Oh, I got one of those as an Xmas present back in the days when I was working in an office. It was good but a little overwhelming. We took a knife and we were all hacking at the poor thing. There was a lot left over when all six or eight of us were done. It was ENORMOUS.


----------



## Kona Lovers (Dec 11, 2007)

All of these suggestions reminded me of the old Johnny Carson holiday joke that there was only one holiday fruitcake in the world that was just passed on from person to person.

Marty


----------



## Fern Modena (Dec 11, 2007)

Were they Mrs.
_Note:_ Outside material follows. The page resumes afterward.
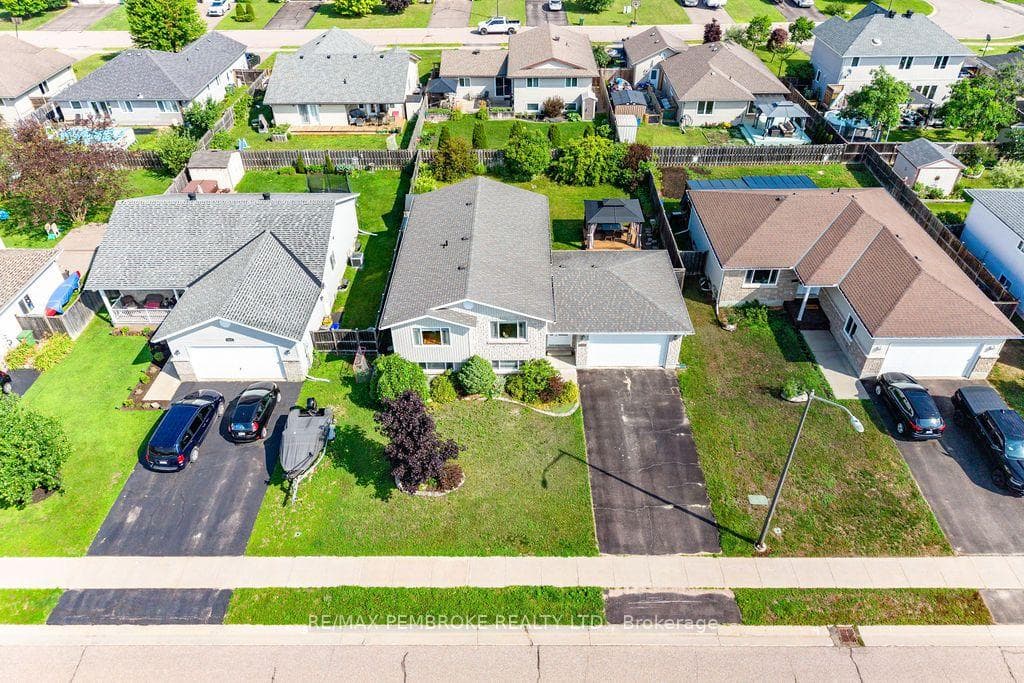 2038 Sandstone Crescent photo 36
Prindable's?  QVC sells them.

Fern



falmouth3 said:


> I wish I could remember where my sister ordered these, but a few years back she ordered some fantastic gourmet candy coated apples.  They were HUGE and so delicious.  DH wouldn't eat them so I cut off a chunk each night for myself.  I think it took me 4-6 nights per apple!!
> 
> I've been doing some research on-line and maybe next year I'll make some gourmet apples as Christmas gifts instead of the varieties of homemade candies that I'm making this year.


----------



## Glynda (Dec 11, 2007)

*My favorite*

Moravian spice cookies from

http://www.deweys.com/


----------



## stmartinfan (Dec 11, 2007)

For Costco members, costco.com has a couple of the Harry & David gift boxes for sale on their site, and ordered there, it says shipping and handling is included in the price.  (The price seems to match the Harry & David price for the item in their brochure,  which I assume is without shipping and handling.)  I haven't placed an order, so I'm assuming the Costco website posting is correct...and that extra charges won't appear when the order is finalized.


----------



## DeniseM (Dec 12, 2007)

*Blue Diamond Almonds*

I live about 2 miles from the local Blue Diamond Almond gift center and their products are very tasty.  I can't comment on shipping though since I'm so close.
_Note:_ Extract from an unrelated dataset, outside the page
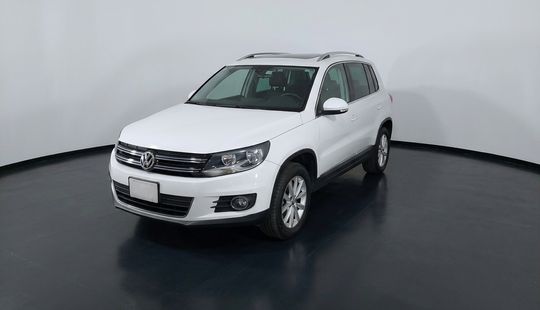 Volkswagen • Tiguan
Here is their website - only a few products are on the home page - the links to other items are on the right.


----------



## Tia (Dec 14, 2007)

http://www.figis.com/ is a company I have ordered from, though it has been awhile ago.


----------



## AwayWeGo (Feb 5, 2008)

*Best Medjool Dates I've Ever Tasted.*

Good as those medjool dates are that are grown in the groves down around Yuma AZ & adjoining parts of California, I tried some lately from just across the border in Mexico that are the best I have ever tried. 
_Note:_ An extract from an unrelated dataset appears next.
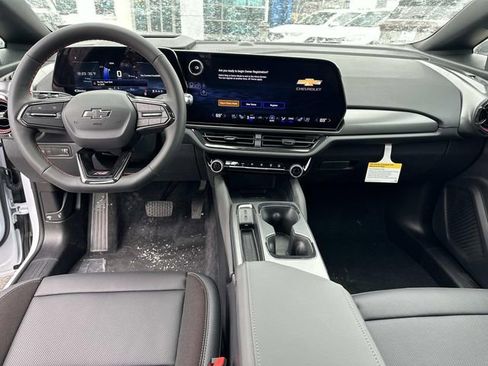 New 2026 Chevrolet Equinox EV RS image 15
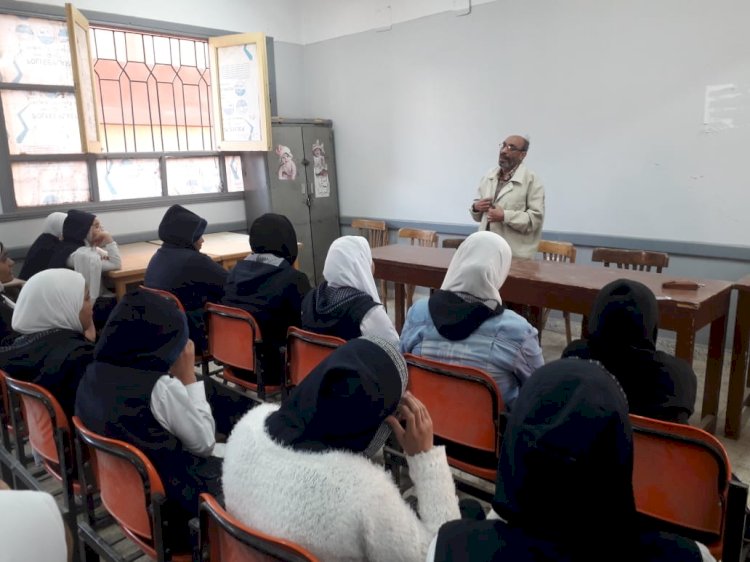 دور المؤسسات العلمية والثقافية في نشر الفكر المعتدل في ندوة بفرشوط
These latest are supermarket dates from Safeway sold in plastic clamshell packs (like those for strawberries & blueberries) branded _Caramel Naturel_.  The label says Product Of Mexico, distributed by Atlas Produce & Dist. Inc., Bakersfield CA, for the Bard Date Co. 

They're not cheap, so I'm going to stock up while they're on sale for a few cents off. 

Yum.

-- Alan Cole, McLean (Fairfax County), Virginia, USA.​


----------